Task brief:
So that the copy stays text only, transcribe the data below exactly and exclude the images.

Dataset excerpt:
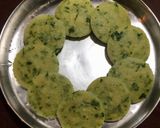 A picture of step 5 of Coriander Rice Idli.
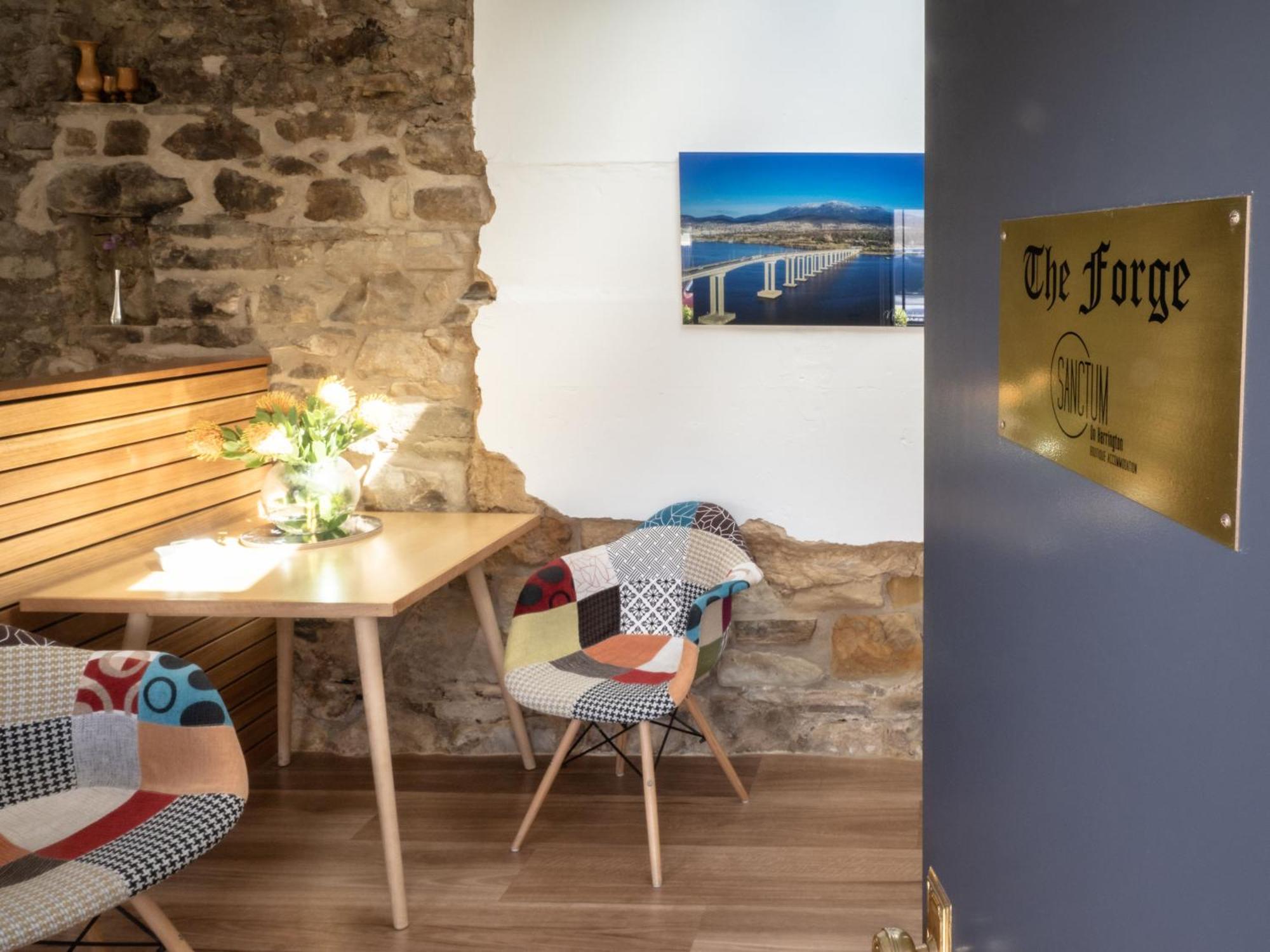 Sanctum Boutique Apartments Хоубарт Екстериор снимка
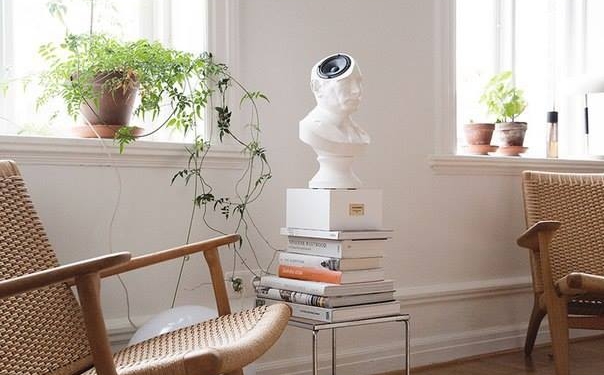 Реальный вынос мозга. Из Путина сделали…звуковую колонку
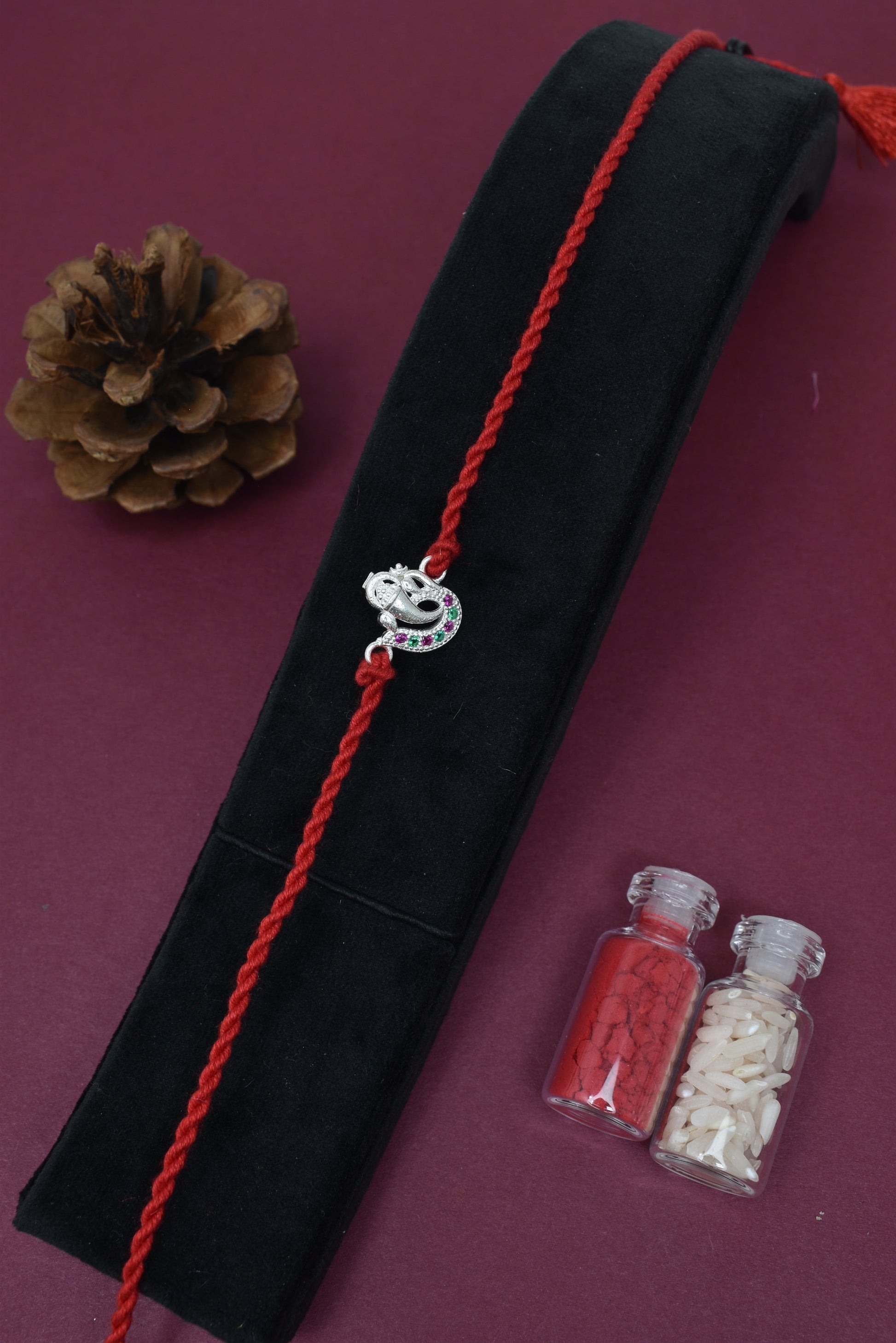  Cosmic Sync – Ganesh OM Thread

Exercise answer:
 A picture of step 5 of Coriander Rice Idli.
 Sanctum Boutique Apartments Хоубарт Екстериор снимка
 Реальный вынос мозга. Из Путина сделали…звуковую колонку
  Cosmic Sync – Ganesh OM Thread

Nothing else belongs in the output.